Gleichzeitig mit dem Termin wird Sie die Zertifizierungsstelle auch über den Ort des Fachgesprächs informieren. Dieser ist üblicherweise die Zertifizierungsstelle selbst.

Bringen Sie zum Fachgespräch unbedingt Ihren Reisepass oder Personalausweis mit, da Sie sich am Beginn des Gesprächs ausweisen müssen.

Ausgangspunkt des Gespräches wird Ihre Tätigkeitsbeschreibung sein, die den Mitgliedern der Zertifizierungskommission einige Zeit vor Ihrem Fachgespräch übermittelt wurde. In Vorbereitung auf das Gespräch sollten Sie daher Ihre Beschreibung nochmals genau durchlesen und sich gegebenenfalls weiterführende Informationen zu den dargestellten Projekten/Arbeitsaufgaben notieren.

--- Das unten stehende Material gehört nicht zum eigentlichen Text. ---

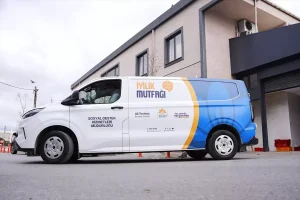 Sultanbeyli’de İyilik Mutfağı Ramazan’da Yardımda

Nach Ablauf des Gesprächs werden Sie gebeten, kurz den Raum zu verlassen, damit sich die Fachexperten/-expertinnen über das Ergebnis beraten können.
Dieses wird Ihnen unmittelbar nach der Beratung bekannt gegeben. Einige Zeit nach dem Fachgespräch übermittelt Ihnen die Zertifizierungsstelle das Ergebnis auch in schriftlicher Form: Bei einem positiven Ergebnis erhalten Sie von der Zertifizierungsstelle die Ingenieur-Urkunde. Wenn keine Feststellung möglich war, wird Sie die Zertifizierungsstelle über den neuen Termin für das zweite Fachgespräch informieren oder einen negativen Bescheid ausstellen.

Jedes Zertifizierungsverfahren wird von den Fachexperten/-expertinnen protokolliert. Auf Antrag können Sie Einsicht in dieses Protokoll nehmen. Diesen Antrag stellen Sie bei der Zertifizierungsstelle.
Wenn Sie das Zertifizierungsverfahren positiv absolviert haben, sind Sie berechtigt, die Qualifikationsbezeichnung „Ingenieur“ bzw. „Ingenieurin“ in Kurzform (Ing. bzw. Ing.in oder Ing.in) oder in vollem Wortlaut mit oder ohne Hinweis auf das NQR-Niveau 6 zu führen.